◆ EXERCISE GOAL: Copy exactly the line containing "Feldspritze Türe ait" and all the lines that follow it to the end of the records, minus the pictures.

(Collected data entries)
++++

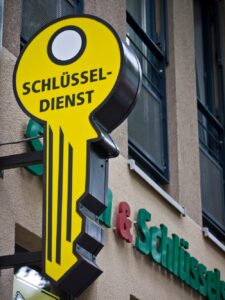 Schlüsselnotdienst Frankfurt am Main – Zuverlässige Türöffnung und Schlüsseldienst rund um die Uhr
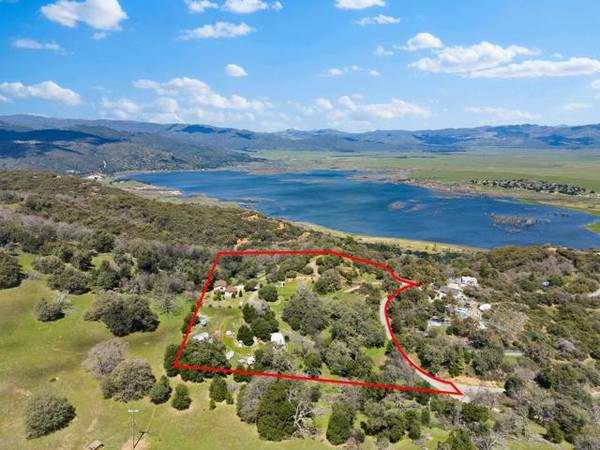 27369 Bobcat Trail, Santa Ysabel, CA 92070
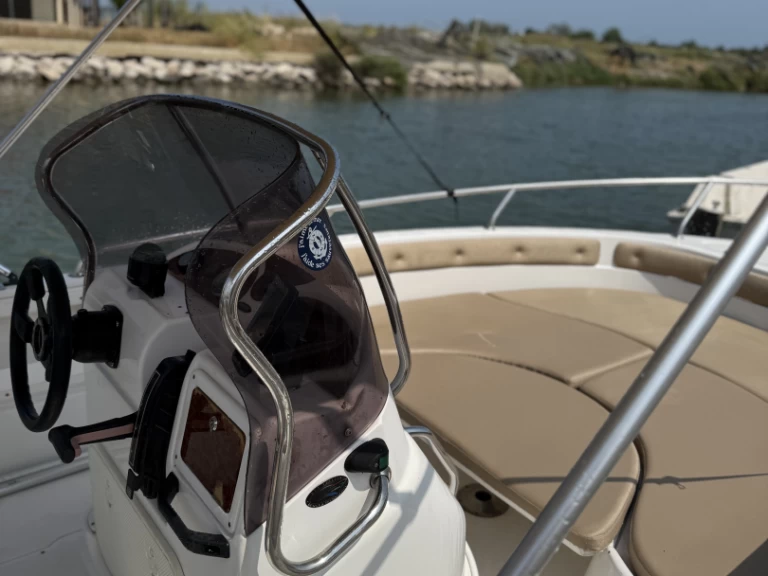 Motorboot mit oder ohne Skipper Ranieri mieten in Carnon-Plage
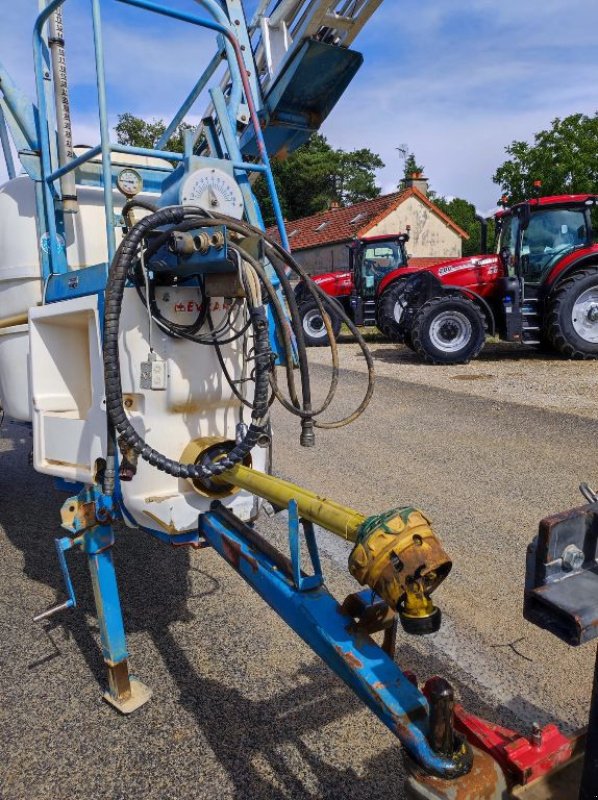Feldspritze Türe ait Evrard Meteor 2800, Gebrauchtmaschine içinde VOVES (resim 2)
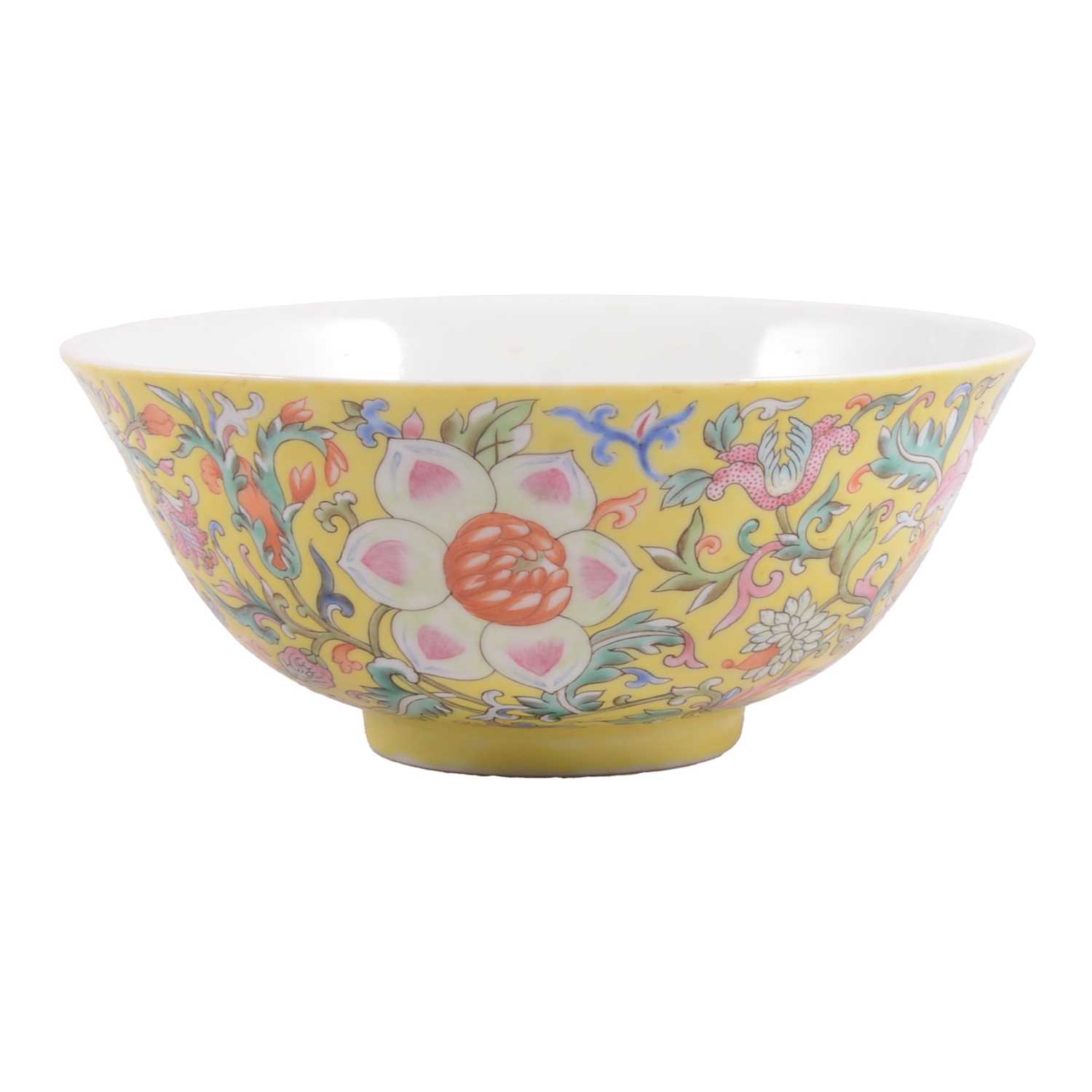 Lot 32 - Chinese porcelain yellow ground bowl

++++

◆ OUTPUT FOR THIS EXERCISE:
Feldspritze Türe ait Evrard Meteor 2800, Gebrauchtmaschine içinde VOVES (resim 2)
 Lot 32 - Chinese porcelain yellow ground bowl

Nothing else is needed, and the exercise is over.